The Communists understood some of the problems but attributed them to Capitalism. In fact, however, Capital refers to resources that are beyond those used for consumption and are therefore, available for investment in other things, and is, therefore essential to progress. Not realising this fact they not only promoted and increased the slavery but also ensured the stagnation that led to their collapse.

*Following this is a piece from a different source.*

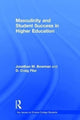 Book cover of: Masculinity and Student Success in Higher Education. By: Jonathan M. Bowman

Under Communism, it is the State that provides the Capital, but no one has personal interest in its efficient employment. The Western system requires that there should be rich people so that they have enough surpluses to provide the Capital. This often comes through usury or gambling on the stock exchange. But Capital can be provided not just by Governments or the rich, but also by groups of people. In a system compatible with Islam, there would be no usury or gambling. The workers in the company would be the owners responsible for the investment. Others in the community could also invest in return for proportional profits. Companies could be interlinked in that members of each also have shares in the others.

It is not difficult to see that many of the environmental, social and psychological problems mankind faces today can be radically reduced if the system based on Islamic principles were to be adopted. However, this cannot be done in isolation. There also has to be a change in thought, values and motives. Things arise within the context of a whole system and it is the whole system that requires changing. This cannot be done by revolution (in a short time) because of the inertia of human adaptability. Revolution simply destroys and brings to power inexperienced people who have the same mental habits. It is, however, possible to do this gradually by conscious application of constant appropriate pressure.